Trooper Riches estimated that the tail vehicle was following McCoy at a distance of 

approximately one-and-a-half seconds. Given this close proximity, Trooper Riches 

believed that McCoy was violating Utah’s left-lane statute, see Utah Code 

§ 41-6a-704, which prohibits vehicles in the left lane from impeding traffic behind 

them.1

 

After observing what he believed to be a traffic violation but without 

activating his emergency lights or siren, Trooper Riches pulled into the right lane, 

accelerated rapidly, and followed the trio of vehicles for approximately a mile and a 

half. According to Trooper Riches, McCoy had an opportunity to move over to the 

right lane during this time but failed to do so. Upon stopping McCoy, Trooper 

Riches detected a faint odor of marijuana. Trooper Riches thereafter requested a 

drug-sniffing dog.
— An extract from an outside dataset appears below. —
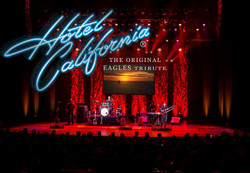 Hotel California., The Original Eagles Tribute; April 10, 2025
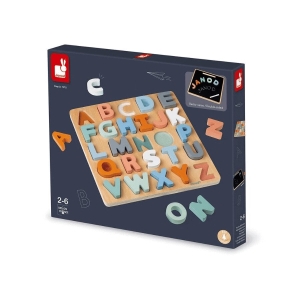 Puzzle ABC Sweeet Cocoon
The dog indicated at the odor of narcotics, so Trooper Riches 

searched McCoy’s vehicle. 

Trooper Riches’s search uncovered marijuana, drug paraphernalia, a handgun, 

and ammunition, and as a result, McCoy was charged with possession of marijuana 

with intent to distribute (Count 1), possession of a firearm in furtherance of a drug-

 1

 Under section 41-6a-704(3), when one vehicle is following directly behind a 

leading left-lane vehicle at a distance of less than two seconds, it is prima facie 

evidence that the leading vehicle is violating the left-lane statute.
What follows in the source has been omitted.